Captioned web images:
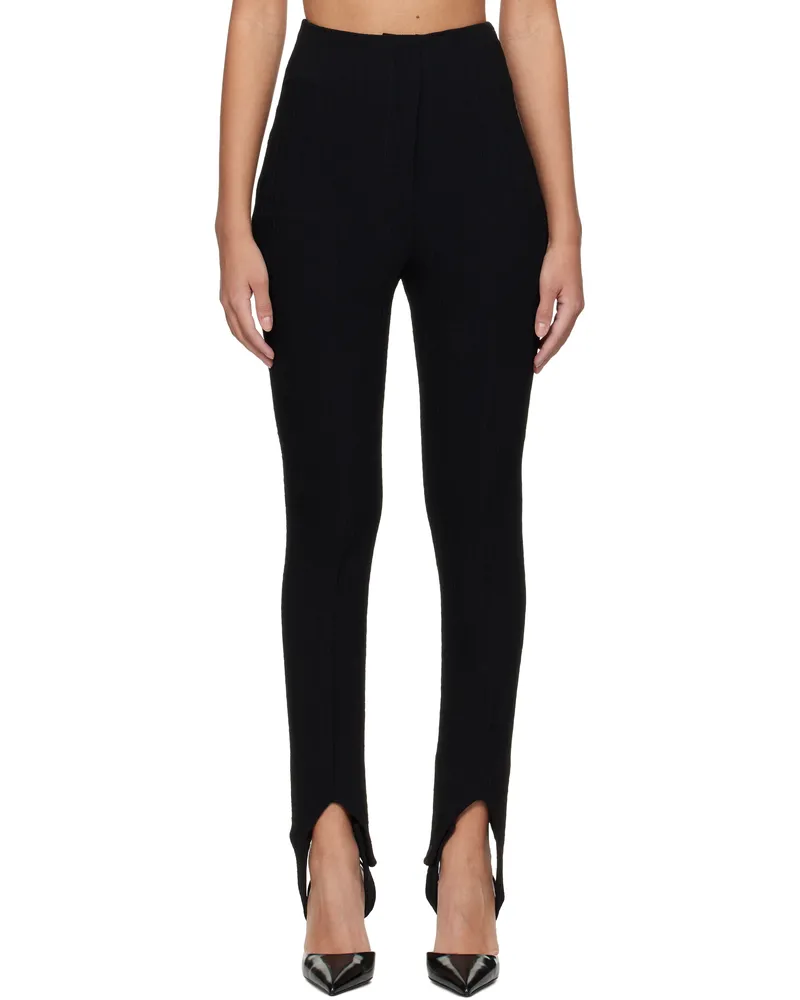 Nanushka Black Savita Seersucker Stirrup Trousers Blk
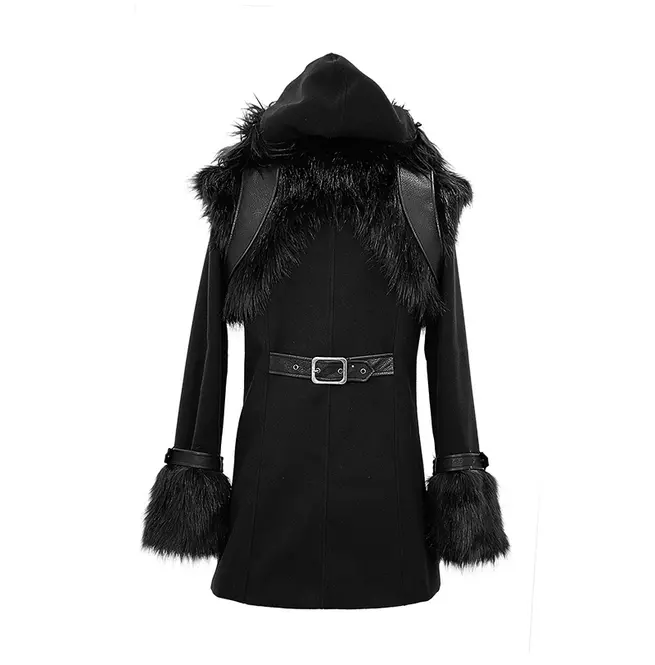 Gothic Women's Stealthy Black Double-breasted Hooded Coat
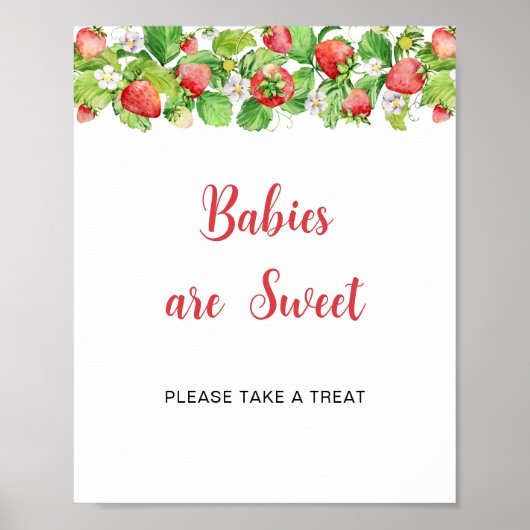 Poster Bébés aux fraises sont doux Panneau de table (Devant)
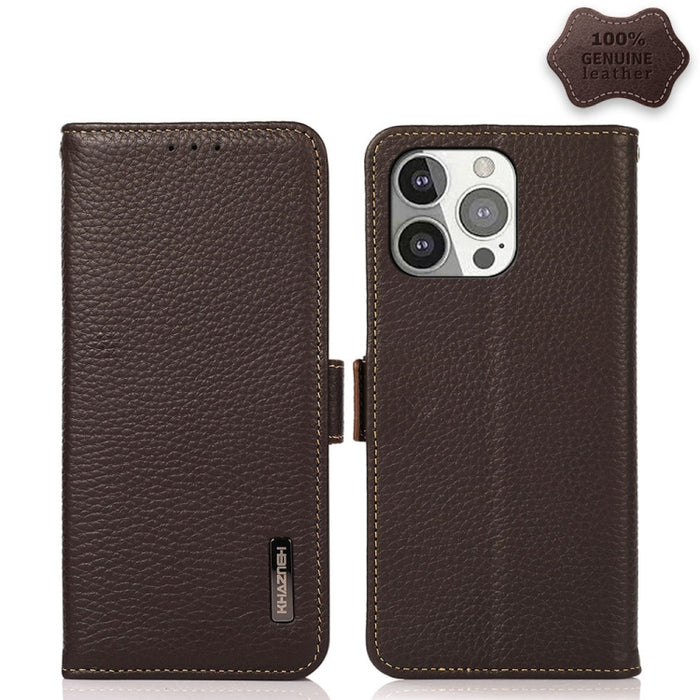 Estuche RFID de cuero genuino Litchi magnético lateral KHAZNEH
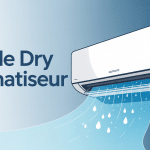 Mode dry climatiseur illustration moderne gouttelettes et circulation air
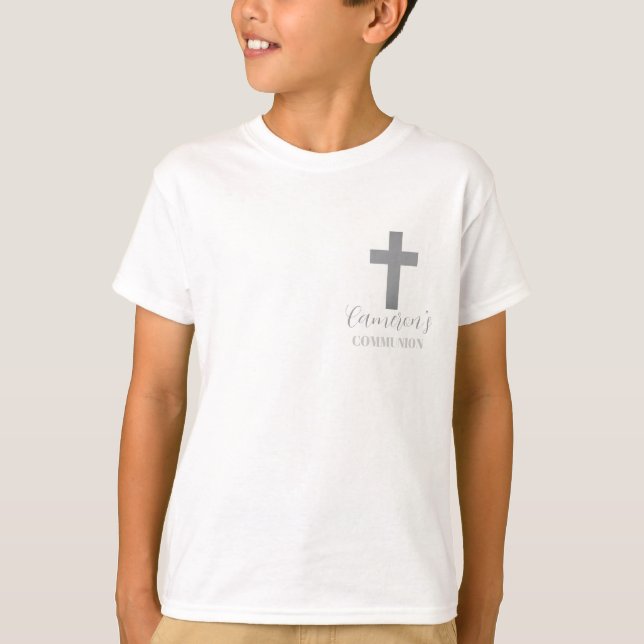 Camiseta personalizada de comunhão cruz meninos (Frente)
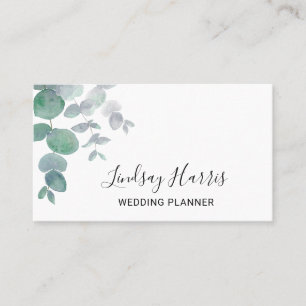 Elegant Eucalyptus Greenery Bröllopsfixaren Visitkort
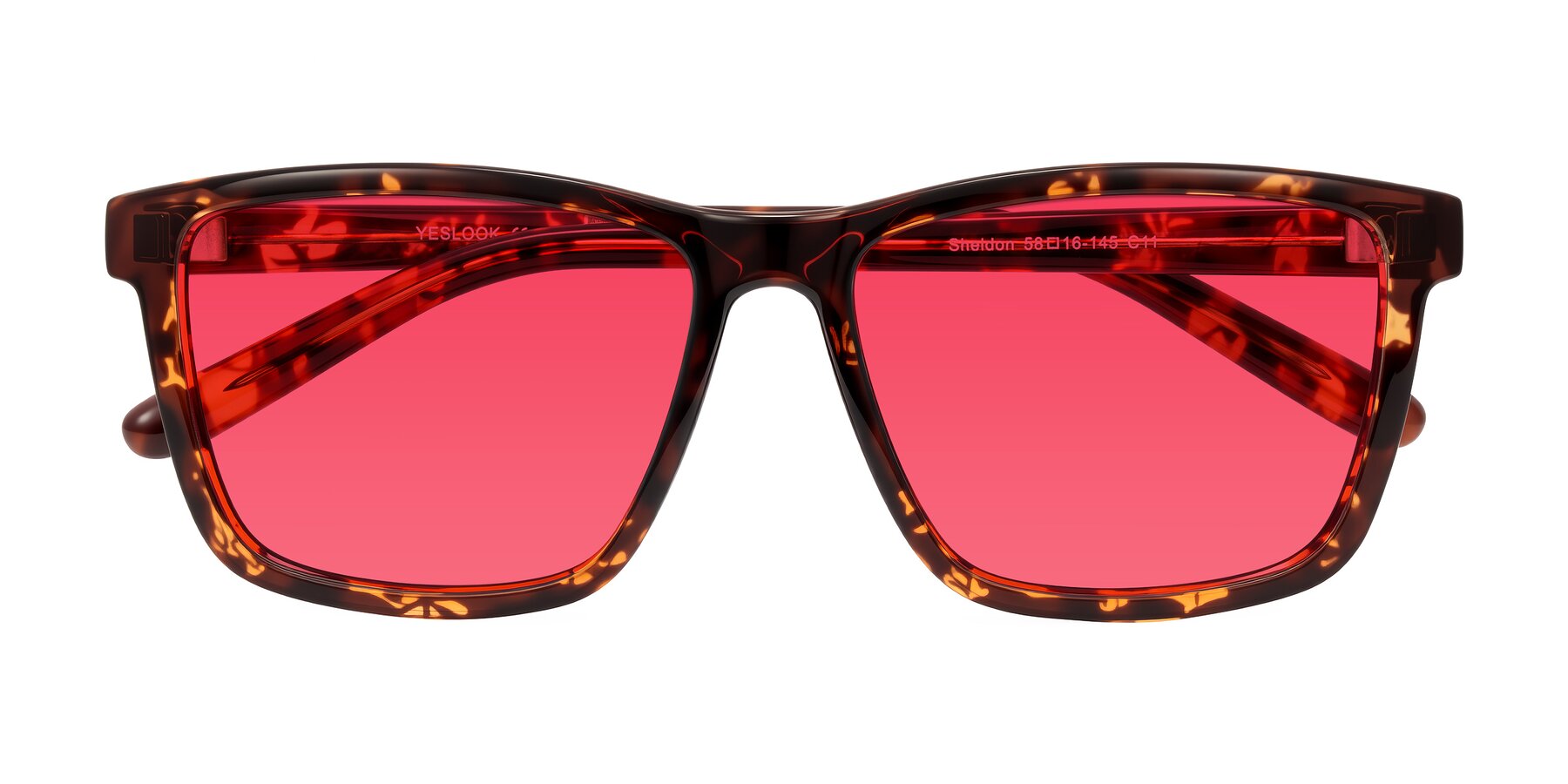 Folded Front of Sheldon in Tortoise with Red Tinted Lenses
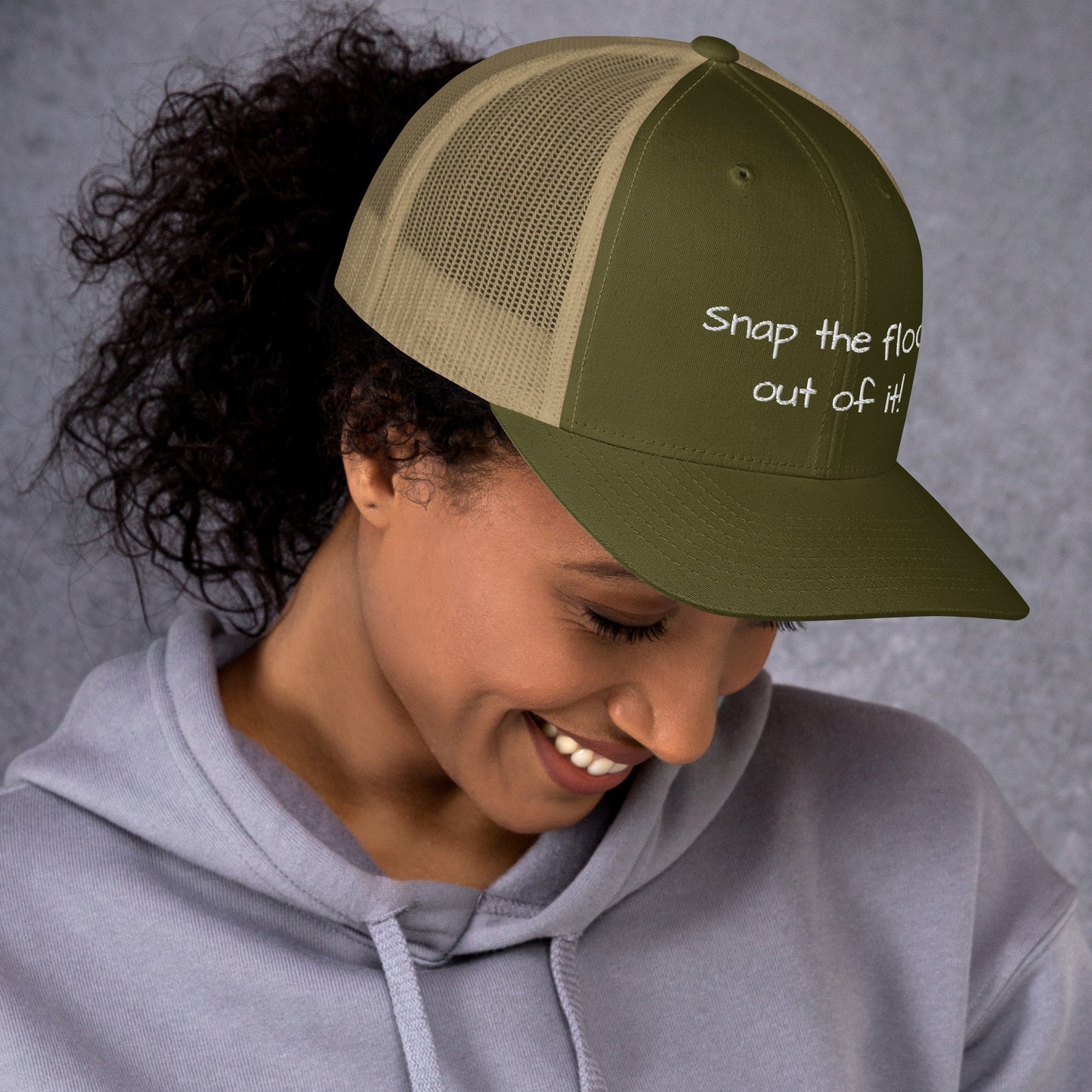 Snap the flock out of it! Trucker Cap (white font)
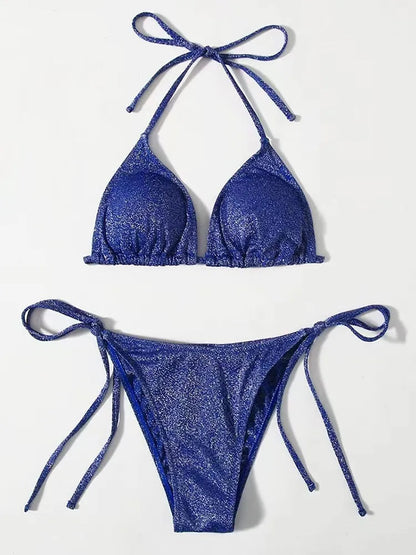 Women's khaki gold bandage bikini with adjustable straps on a beach background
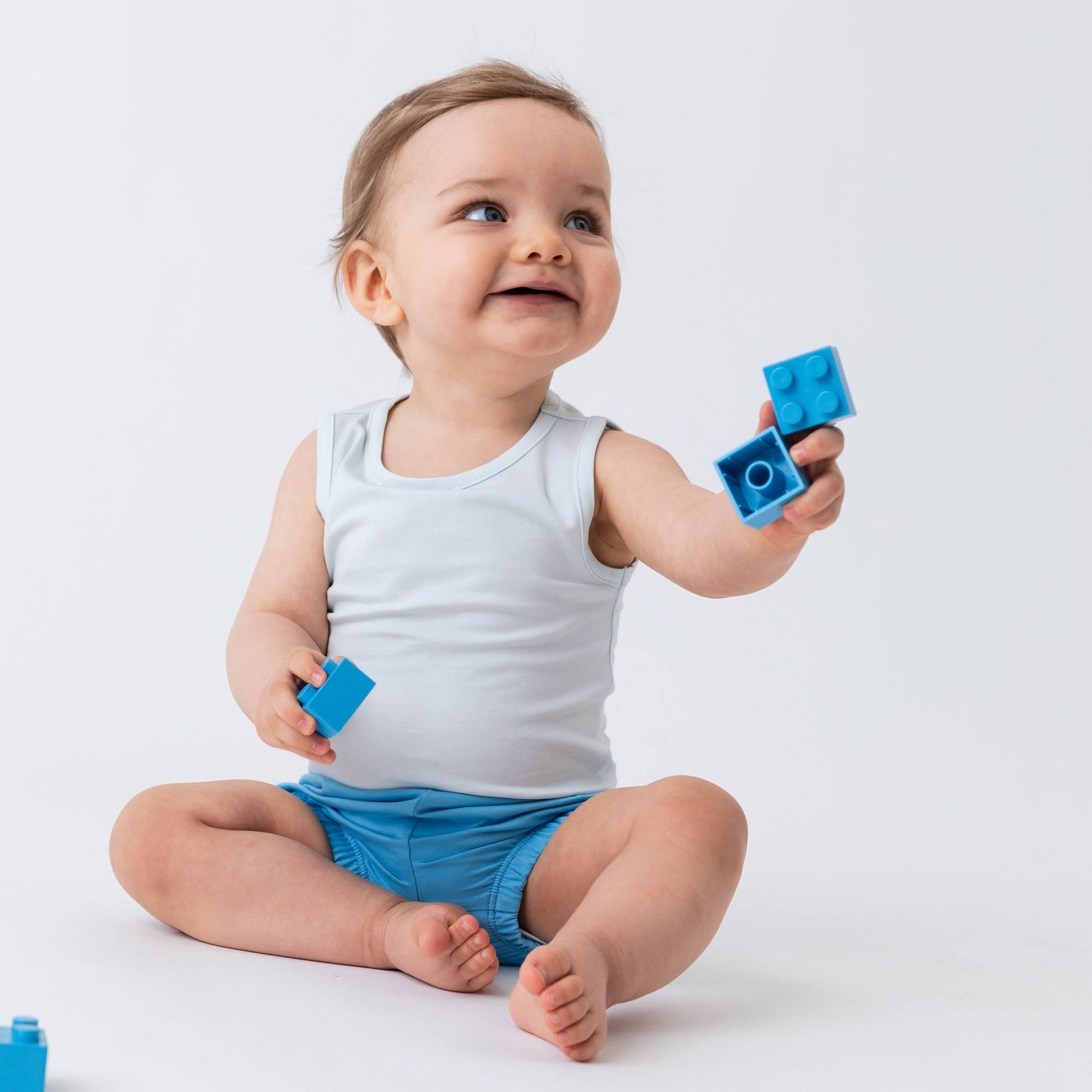 Light blue sleveless bodysuit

:: INSTRUCTIONS TO FOLLOW ::
Please restate word for word each line from the one containing "Snap the flock" to the end of the data above, without the pictures.

:: RESULT OF THE EXERCISE ::
 Snap the flock out of it! Trucker Cap (white font)
 Women's khaki gold bandage bikini with adjustable straps on a beach background
 Light blue sleveless bodysuit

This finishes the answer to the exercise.